ВЛАСТЬ И ОБЩЕСТВО: СОТРУДНИЧЕСТВО И КОНФРОНТАЦИЯ

(К.А. Соловьев)

1. Исполнительная власть и представительные учреждения: взаимодействие и противостояние

И до начала войны члены правительства, согласно или вопреки своему желанию, тесно взаимодействовали с представительными учреждениями. Правда, преимущественно речь шла о сотрудничестве не столько институтов, сколько отдельных лиц: не Совета министров и Государственной думы, а премьера, министров, их заместителей с депутатским корпусом. В силу этого имевшийся в том числе и позитивный опыт взаимодействия не выливался в определенную систему отношений. Слишком много зависело от частных предпочтений, индивидуальных взглядов. Иными словами, к 1914 г. в этой сфере еще не сформировалось прецедентное право, способное компенсировать «лакуны» в законодательстве. Среди большинства министров не было возражений относительно того, что сотрудничество с Думой жизненно необходимо, однако формы взаимодействия очевидны не были.

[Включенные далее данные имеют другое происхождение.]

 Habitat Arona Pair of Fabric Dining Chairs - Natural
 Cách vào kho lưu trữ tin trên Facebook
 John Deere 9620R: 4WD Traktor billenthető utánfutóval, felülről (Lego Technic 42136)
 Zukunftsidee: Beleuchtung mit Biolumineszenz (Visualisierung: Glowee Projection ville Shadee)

Казалось бы, «священное единение» 26 июля 1914 г. должно было внушить правительству уверенность в перспективе сотрудничества депутатов (в том числе оппозиционных фракций) и Совета министров. Однако практика свидетельствовала об обратном, ставя под сомнение искренность сторон даже вскоре после «исторического заседания» нижней палаты. В конце августа 1914 г. думская оппозиция на частных совещаниях предрекала «неизбежность народного “прогрессивного” или даже революционного движения вслед за окончанием войны», которая, казалось, продлится недолго. Причем, согласно прогнозам, это случилось бы вне зависимости от исхода военных действий. Правительство могло избежать будущих потрясений, лишь тесно сотрудничая с Государственной думой, идя навстречу ее требованиям. Пока же депутаты не спешили вступать в конфронтацию с исполнительной властью, понимая, что любое выступление «может быть окрашено правительством в антипатриотический цвет»{1926}.

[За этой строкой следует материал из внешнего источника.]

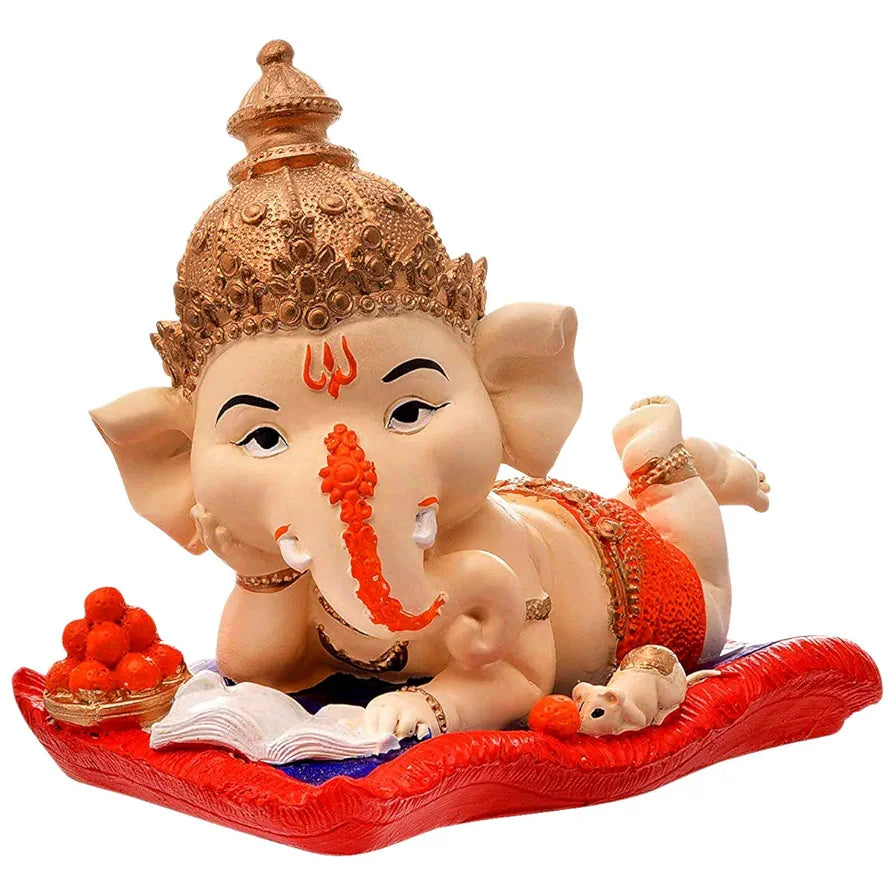 Karigaari India Handcrafted Polyresin Eco Friendly Lord Ganesha Ganpati Idol Figurine | Lord Ganesha Statue for Home Decoration 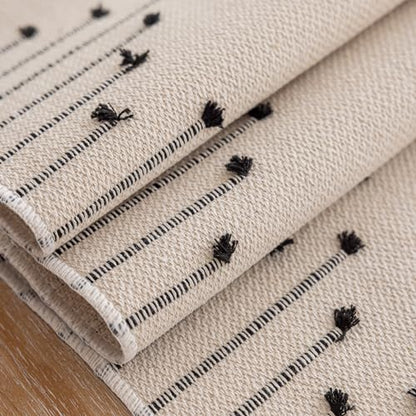 Joyfol Day Boho Table Runner, Farmhouse Stripe Cotton Table Runners with Tassels for Home Dining Table Decor, Rustic Natural Woven Dresser Scarf (Beige&Black,13 x 36 Inch) - size: 13 X 36 INCH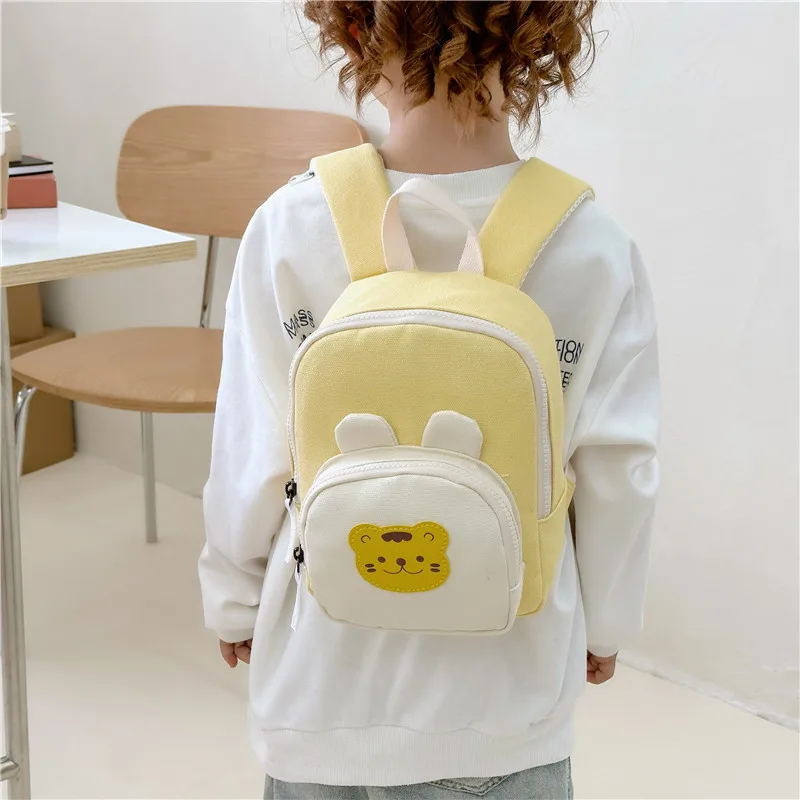 Mochila infantil de lona para bebé con dibujo de oso y conejo bonito - imagen 4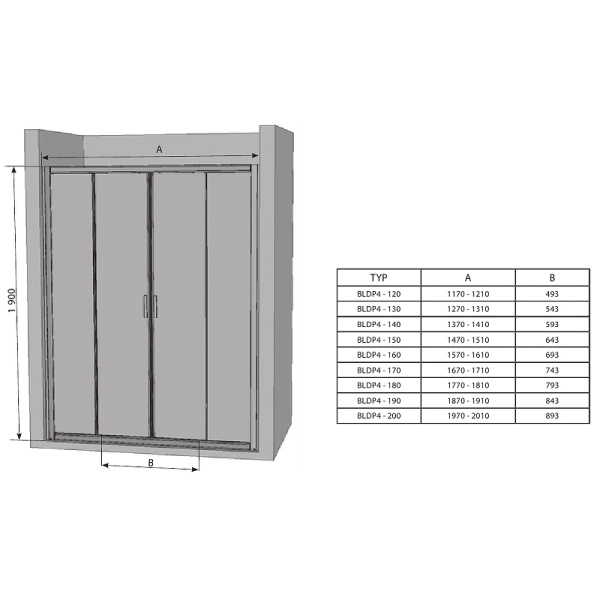 душевая дверь ravak blix bldp4 120 0yvg0c00zh профиль блестящий стекло графит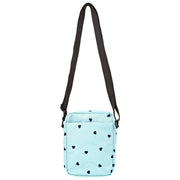 Bolso bandolera de lona reciclada Roka Bond - Azul/Corazones azules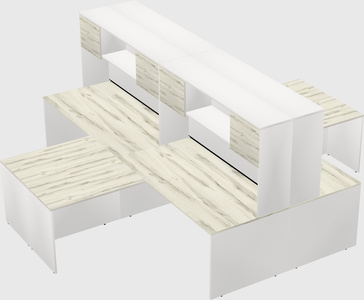 Quad l-shaped office desks
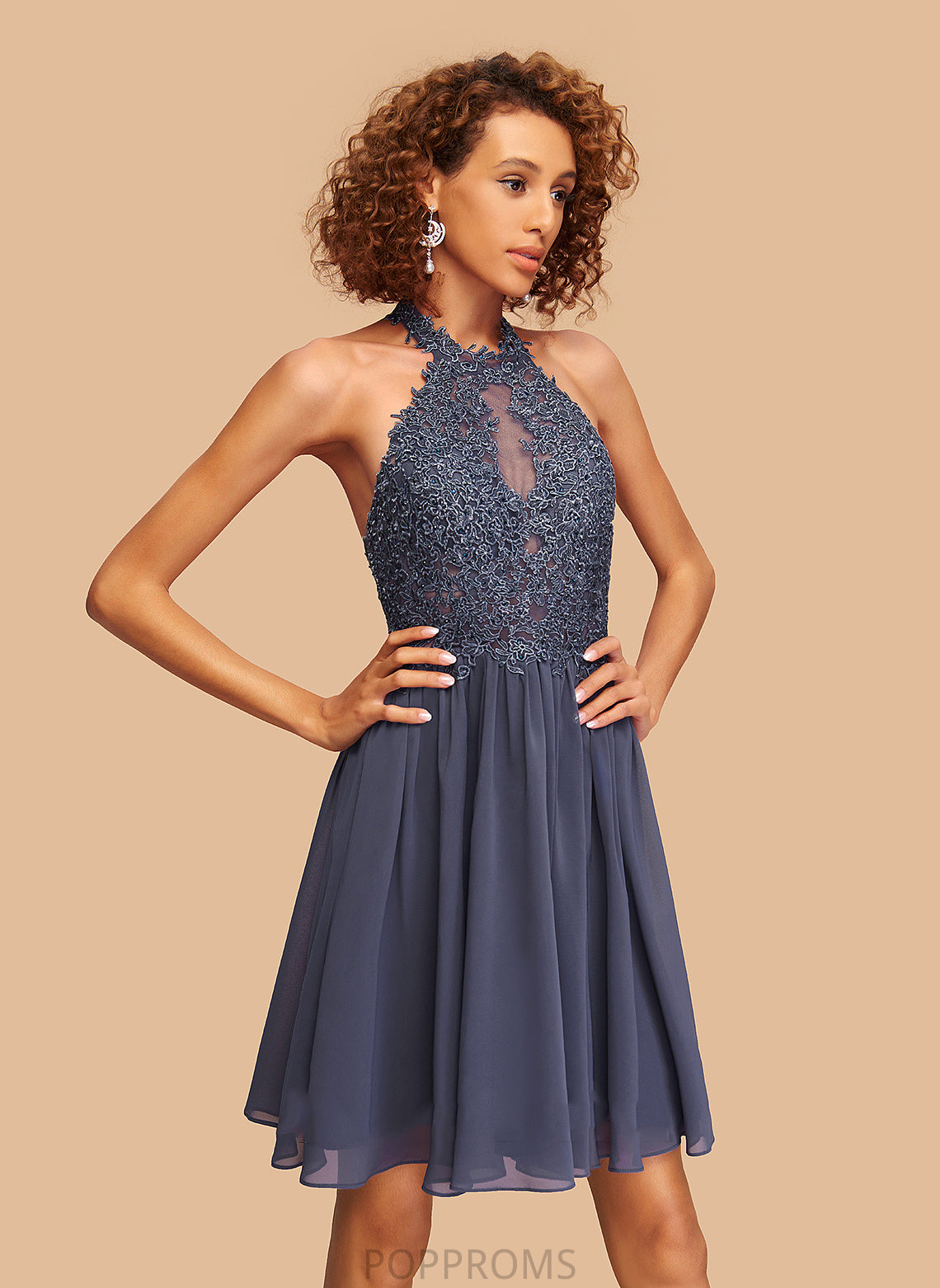 Dress Marlee Short/Mini Homecoming Dresses Lace Homecoming Chiffon Beading Halter With A-Line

Действительно, в Совете министров относились с подозрением к народным избранникам. По сведениям весьма информированного экономиста, общественного деятеля (а также зятя председателя бюджетной комиссии Думы М.М. Алексеенко) П.П. Мигулина, и в сентябре 1914 г. правительство предпочитало не созывать нижнюю палату, как раз опасаясь доминирования оппозиции в Таврическом дворце. Следовательно, ему приходилось все чаще прибегать к 87-й статье Основных государственных законов, т. е. чрезвычайноуказному праву. И все же оттягивать созыв Думы до окончания войны не представлялось возможным, хотя бы потому что бюджет нельзя было принять по 87-й статье. При этом было очевидным, что если собирать депутатов, то надо ставить перед ними серьезные задачи. В противном случае их деятельность могла приобрести деструктивный характер. В этой связи в декабре 1914 г. министр земледелия А.В. Кривошеин склонялся к мысли о внесении в нижнюю палату законопроекта о введении в России подоходного налога. Мигулин же предлагал ему провести через Думу военные расходы, даже вопреки действовавшим правовым нормам{1927}.

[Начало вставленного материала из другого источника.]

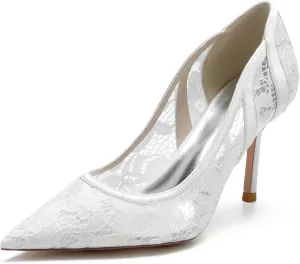 Wedding Dress Shoes for Women Pointed Toe Wedding Shoes Stiletto Heels Satin Bridal Shoes with Embroidery Lace Flower Closed Toe Sandals Ankle Strap Pumps
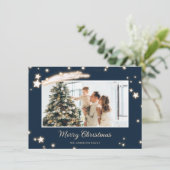 ブルーエレガントスターフォトメリークリスマスカード シーズンカード (スタンド正面)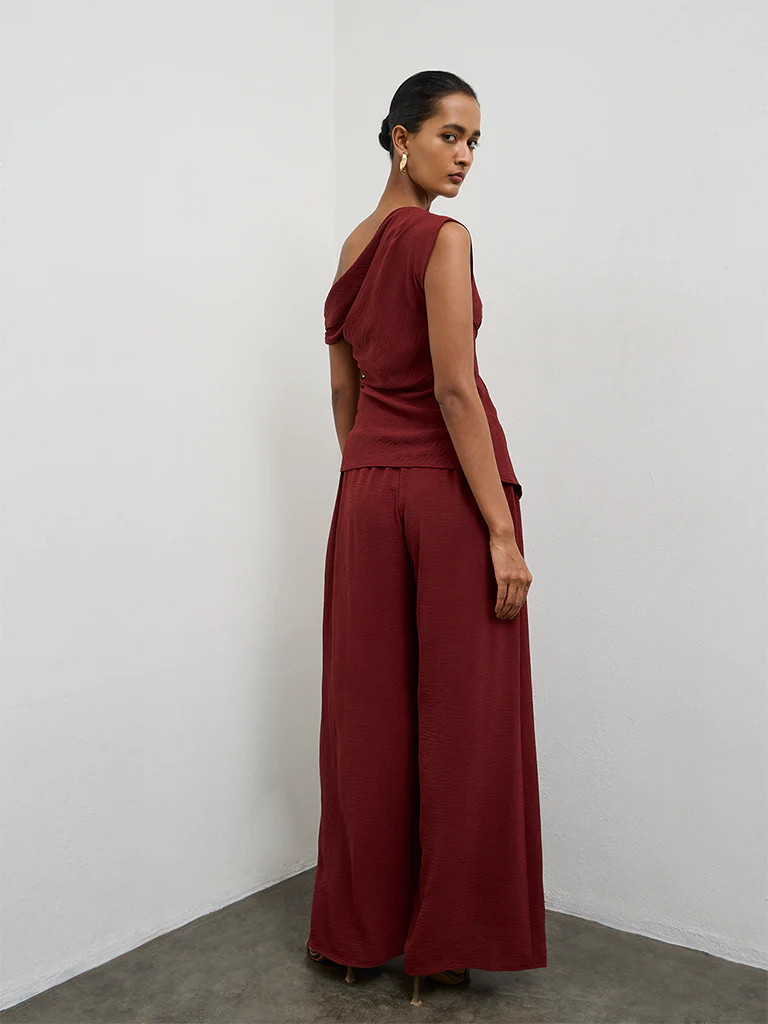 Wardrobe Red Pleated High-Rise Pants - Image 4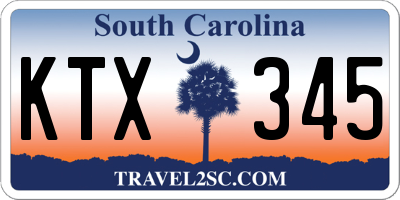 SC license plate KTX345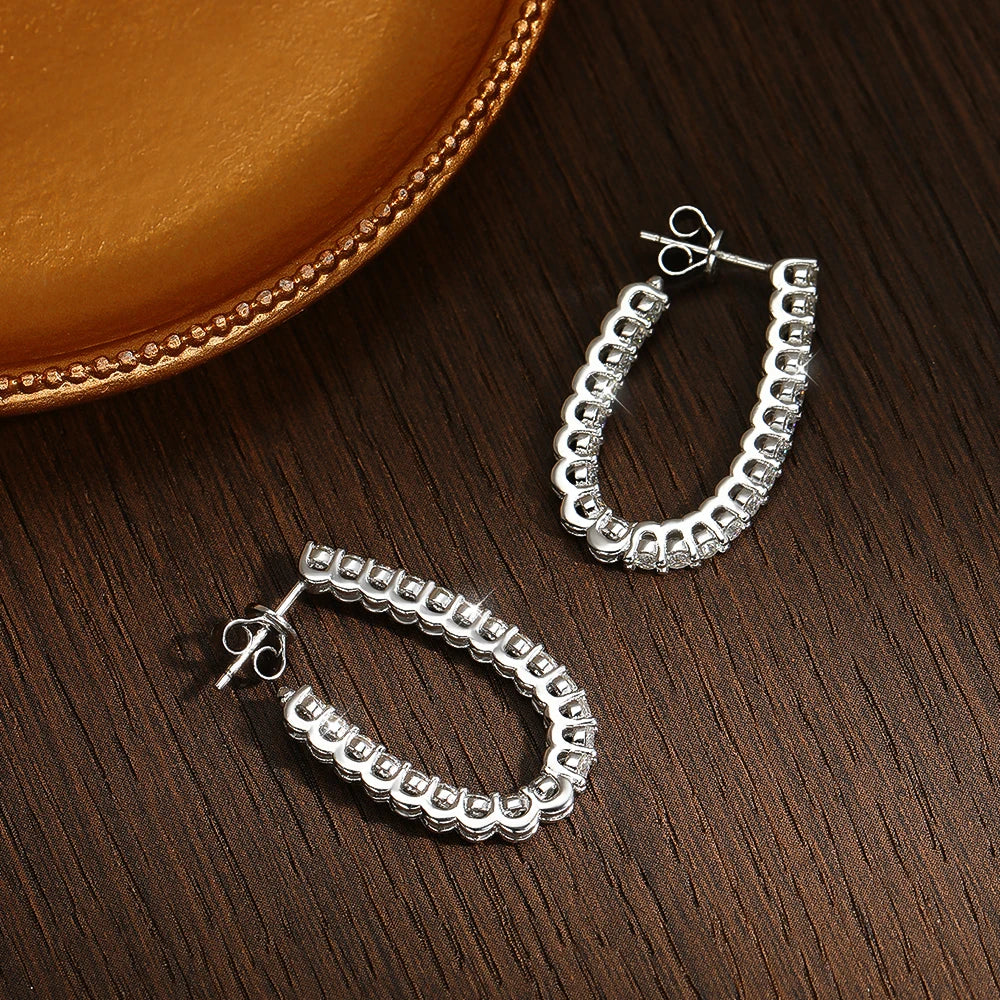 All Moissanite Earrings for Women Wedding Party Luxury Earring Jewelry s925 Sterling Sliver Plated 18k Gold Ear Stud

И все же повестка будущей сессии не была предрешена, и в том числе по этой причине министры опасались созыва депутатов. «Боятся запросов, обструкции со стороны социал-демократов (ареста) и т. д. С другой стороны, хочется провести бюджет и одобрение налогов, проведенных по 87 ст.», — писал Мигулин Алексеенко 12 декабря 1914 г.{1928} Этот страх свидетельствовал в пользу Думы: с ней считались и в ней нуждались.

Еще до открытия сессии, 26 января 1915 г., прошло частное совещание комиссии по военным и морским делам. На нем присутствовали и многие министры, которые в большинстве своем были готовы к сотрудничеству с депутатами. Согласно воспоминаниям П.Н. Милюкова, исключение составили руководитель военного ведомства В.А. Сухомлинов и министр внутренних дел Н.А. Маклаков. Выступление последнего своей грубостью и резкостью поразило даже членов правительства. И.Л. Горемыкин получил записку от председателя Думы М.В. Родзянко с просьбой хоть как-нибудь смягчить всеобщее «отвратительное впечатление». Премьер согласился с этим и произнес в конце несколько примирительных слов{1929}.